What the exercise asks -
Exactly the lines below, starting with the one containing "da Hepatite B" and going on through the one containing "The Urban Forest", must be reproduced, both ends included, and no pictures with them.

⁂

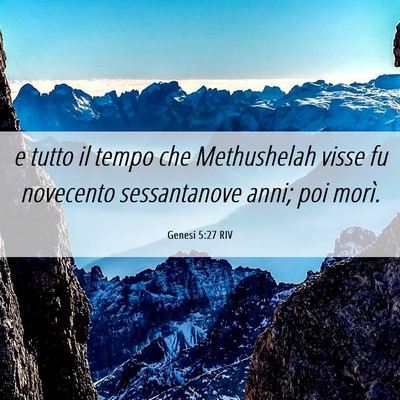Picture 06 - Genesi 5:27 RIV - e tutto il tempo che Methushelah visse fu - Bible Verse Picture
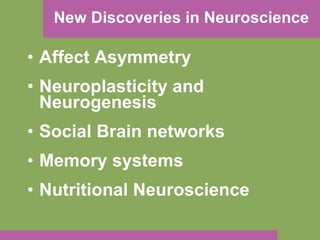 New Discoveries in Neuroscience Affect Asymmetry  Neuroplasticity and Neurogenesis Social Brain networks Memory systems  Nutritional Neuroscience 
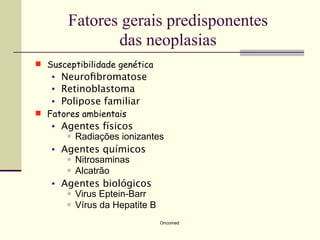 Fatores gerais predisponentes
               das neoplasias
 Susceptibilidade genética
   •   Neuroﬁbromatose
   •   Retinoblastoma
   •   Polipose familiar
 Fatores ambientais
   •   Agentes físicos
         Radiações ionizantes

   •   Agentes químicos
         Nitrosaminas

         Alcatrão

   •   Agentes biológicos
         Virus Eptein-Barr

         Vírus da Hepatite B


                              Oncomed
 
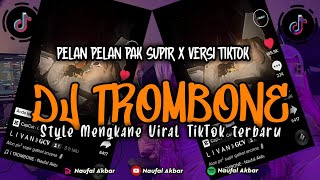 DJ TROMBONE X PELAN PELAN PAK SUPIR MENGKANE - VIRAL TIKTOK 2023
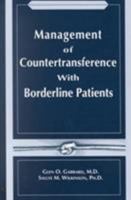 Management of Countertransference with Borderline Patients 0765702630 Book Cover
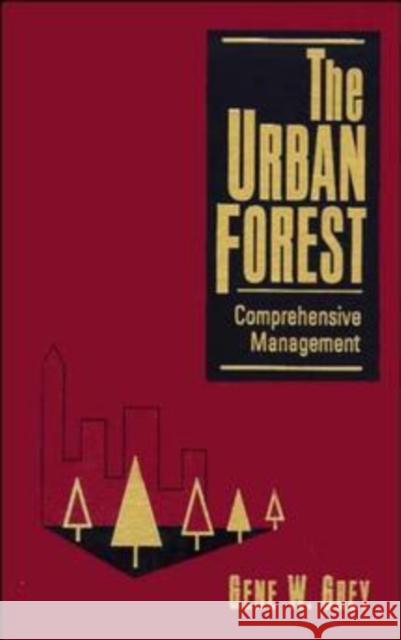 The Urban Forest : Comprehensive Management Gene W. Grey 9780471122753 John Wiley & Sons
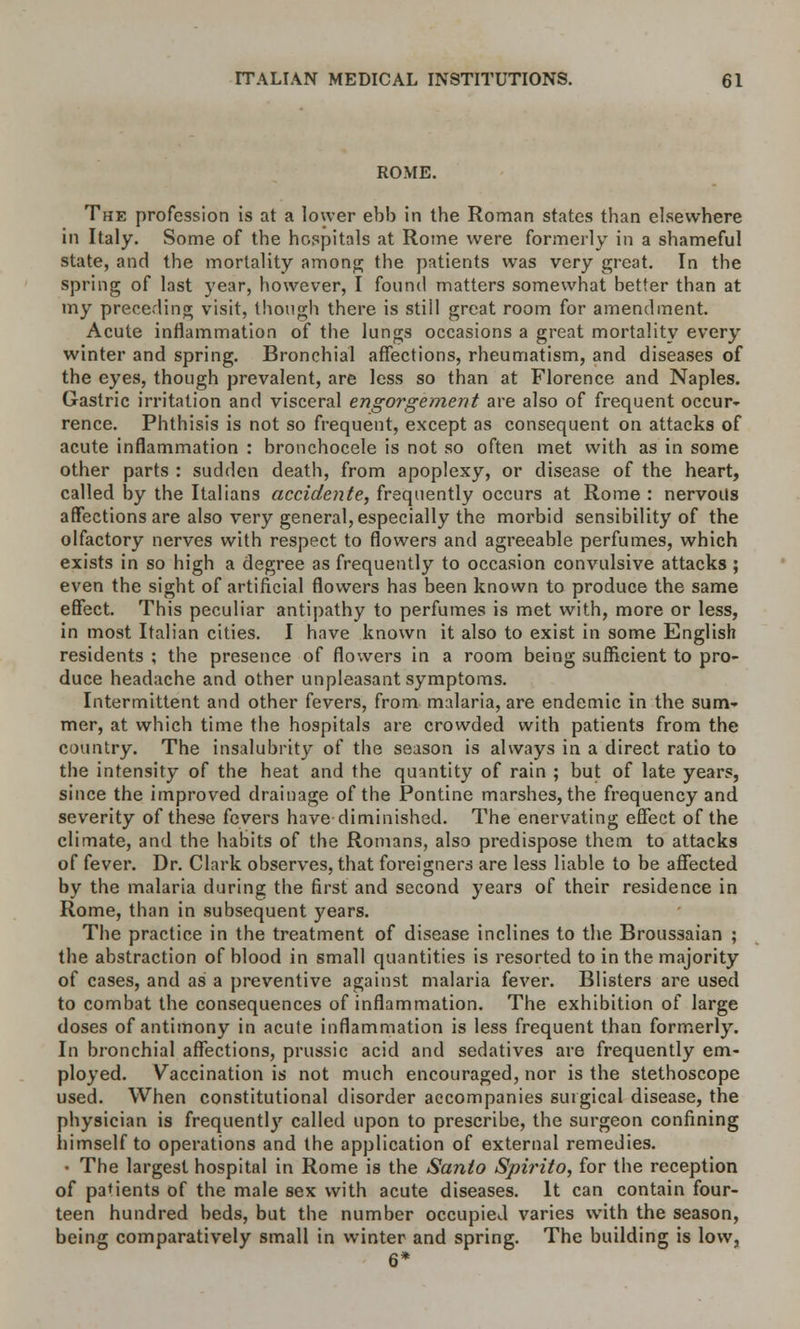 ROME. The profession is at a lower ebb in the Roman states than elsewhere in Italy. Some of the hospitals at Rome were formerly in a shameful state, and the mortality among the patients wTas very great. In the spring of last year, however, I found matters somewhat better than at my preceding visit, though there is still great room for amendment. Acute inflammation of the lungs occasions a great mortality every winter and spring. Bronchial affections, rheumatism, and diseases of the eyes, though prevalent, are less so than at Florence and Naples. Gastric irritation and visceral engorgement are also of frequent occur- rence. Phthisis is not so frequent, except as consequent on attacks of acute inflammation : bronchocele is not so often met with as in some other parts : sudden death, from apoplexy, or disease of the heart, called by the Italians accidetite, frequently occurs at Rome : nervoils affections are also very general, especially the morbid sensibility of the olfactory nerves with respect to flowers and agreeable perfumes, which exists in so high a degree as frequently to occasion convulsive attacks ; even the sight of artificial flowers has been known to produce the same effect. This peculiar antipathy to perfumes is met with, more or less, in most Italian cities. I have known it also to exist in some English residents ; the presence of flowers in a room being sufficient to pro- duce headache and other unpleasant symptoms. Intermittent and other fevers, from malaria, are endemic in the sum- mer, at which time the hospitals are crowded with patients from the country. The insalubrity of the season is always in a direct ratio to the intensity of the heat and the quantity of rain ; but of late years, since the improved drainage of the Pontine marshes, the frequency and severity of these fevers have diminished. The enervating effect of the climate, and the habits of the Romans, also predispose them to attacks of fever. Dr. Clark observes, that foreigners are less liable to be affected by the malaria during the first and second years of their residence in Rome, than in subsequent years. The practice in the treatment of disease inclines to the Broussaian ; the abstraction of blood in small quantities is resorted to in the majority of cases, and as a preventive against malaria fever. Blisters are used to combat the consequences of inflammation. The exhibition of large doses of antimony in acute inflammation is less frequent than formerly. In bronchial affections, prussic acid and sedatives are frequently em- ployed. Vaccination is not much encouraged, nor is the stethoscope used. When constitutional disorder accompanies surgical disease, the physician is frequently called upon to prescribe, the surgeon confining himself to operations and the application of external remedies. • The largest hospital in Rome is the Santo Spirito, for the reception of parents of the male sex with acute diseases. It can contain four- teen hundred beds, but the number occupied varies with the season, being comparatively small in winter and spring. The building is low, 6*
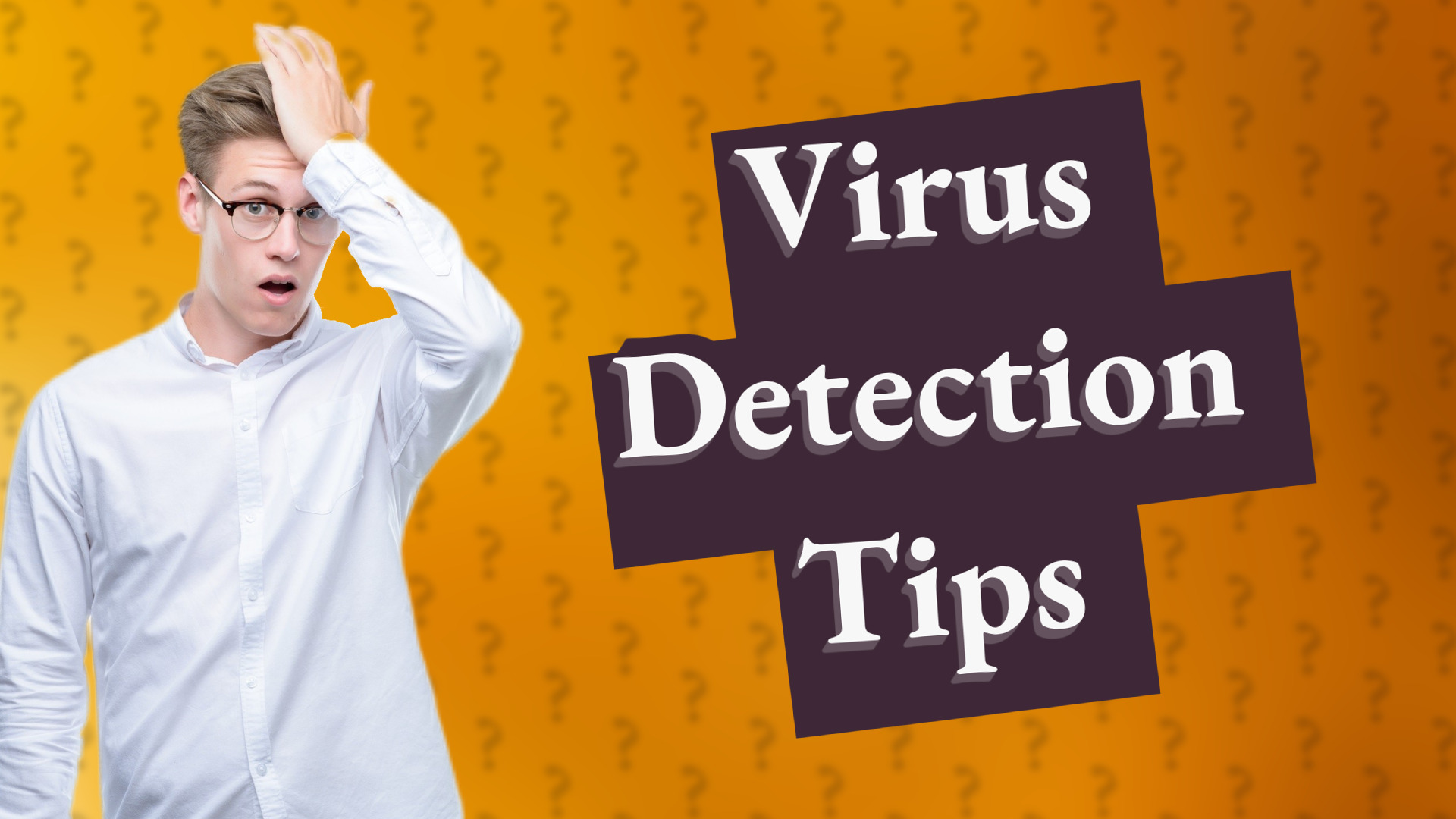 Virus Detection Tips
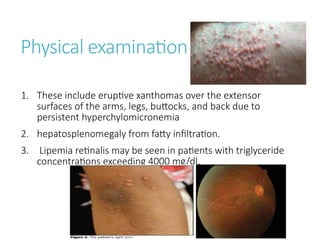 Physical examination
1. These include eruptive xanthomas over the extensor
surfaces of the arms, legs, buttocks, and back due to
persistent hyperchylomicronemia
2. hepatosplenomegaly from fatty infiltration.
3. Lipemia retinalis may be seen in patients with triglyceride
concentrations exceeding 4000 mg/dl.
 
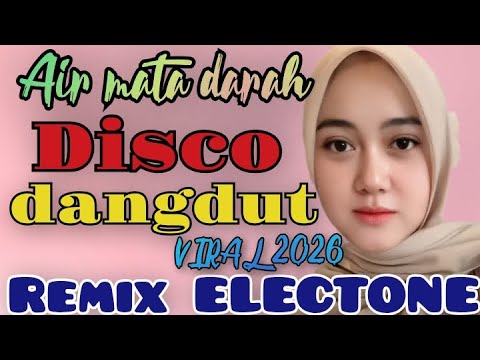 AIR MATA DARAH DISCO DANGDUT VIRAL 2026 REMIX ELECTONE 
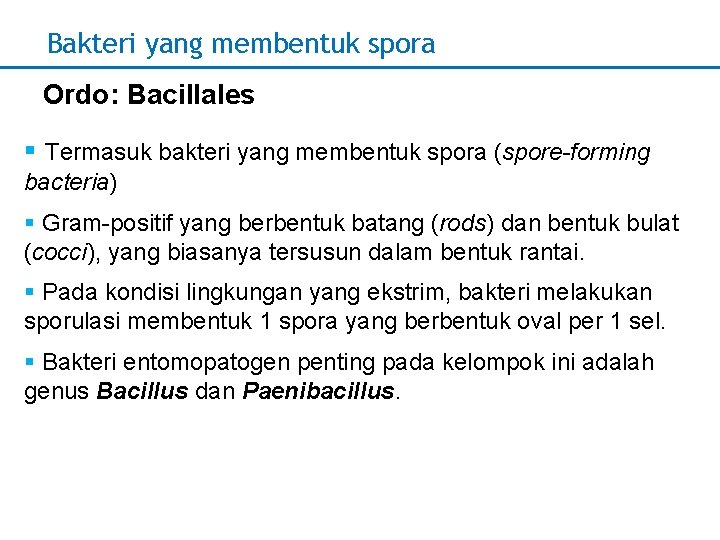 Bakteri yang membentuk spora Ordo: Bacillales § Termasuk bakteri yang membentuk spora (spore-forming bacteria)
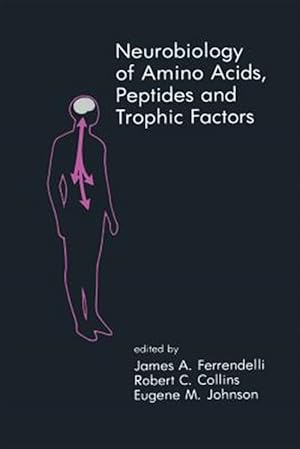Immagine del venditore per Neurobiology of Amino Acids, Peptides and Trophic Factors venduto da GreatBookPrices
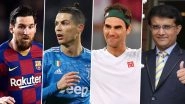 List of Sports Personalities Who Have Contributed Towards Coronavirus Relief Fund: Messi, Cristiano Ronaldo, Federer, Ganguly and Others Come Forward in Fight Against COVID-19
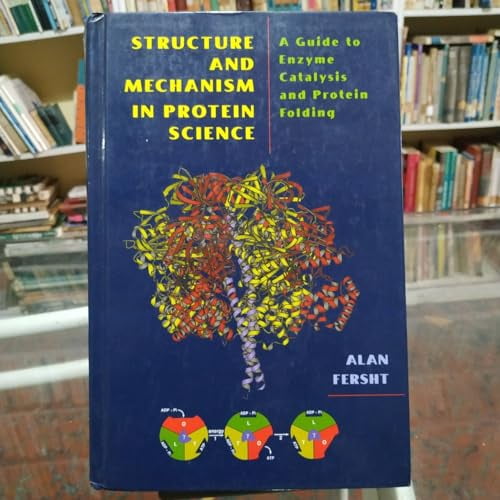 PreOwned Structure and Mechanism in Protein Science A Guide to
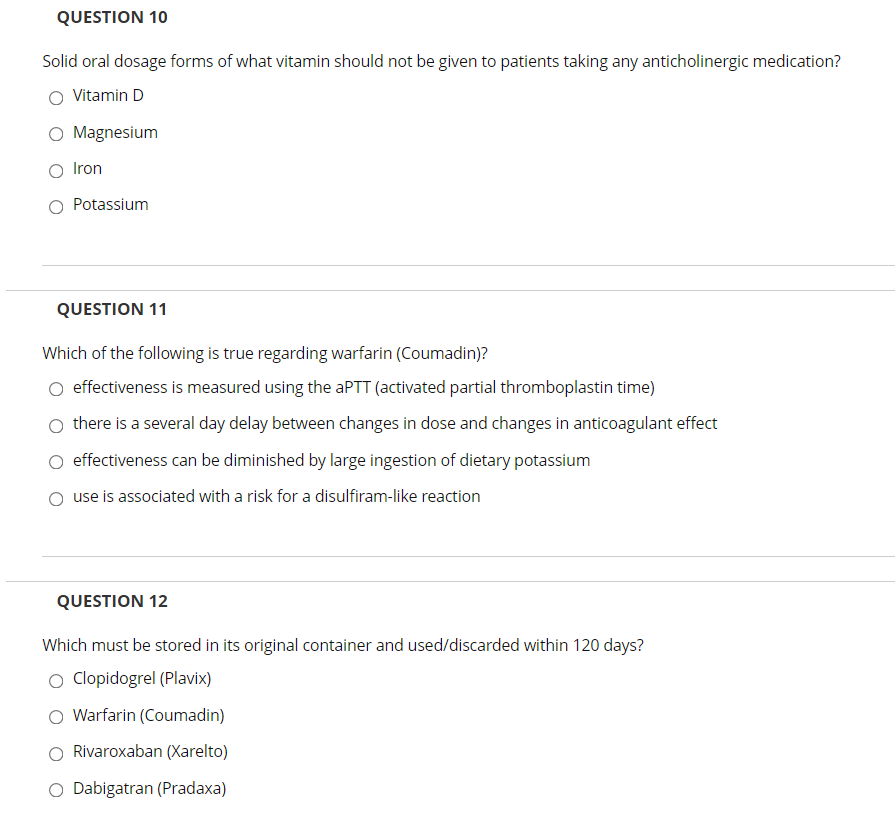 QUESTION 10
Solid oral dosage forms of what vitamin should not be given to patients taking any anticholinergic medication?
Vitamin D
Magnesium
Iron
O Potassium
QUESTIONΝ 1
Which of the following is true regarding warfarin (Coumadin)?
effectiveness is measured using the aPTT (activated partial thromboplastin time)
there is a several day delay between changes in dose and changes in anticoagulant effect
effectiveness can be diminished by large ingestion of dietary potassium
use is associated with a risk for a disulfiram-like reaction
QUESTION 12
Which must be stored in its original container and used/discarded within 120 days?
O Clopidogrel (Plavix)
O Warfarin (Coumadin)
Rivaroxaban (Xarelto)
O Dabigatran (Pradaxa)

⁂

Expected output -
         Vírus da Hepatite B


                              Oncomed
 
 DJ TROMBONE X PELAN PELAN PAK SUPIR MENGKANE - VIRAL TIKTOK 2023
 Management of Countertransference with Borderline Patients 0765702630 Book Cover
 The Urban Forest : Comprehensive Management Gene W. Grey 9780471122753 John Wiley & Sons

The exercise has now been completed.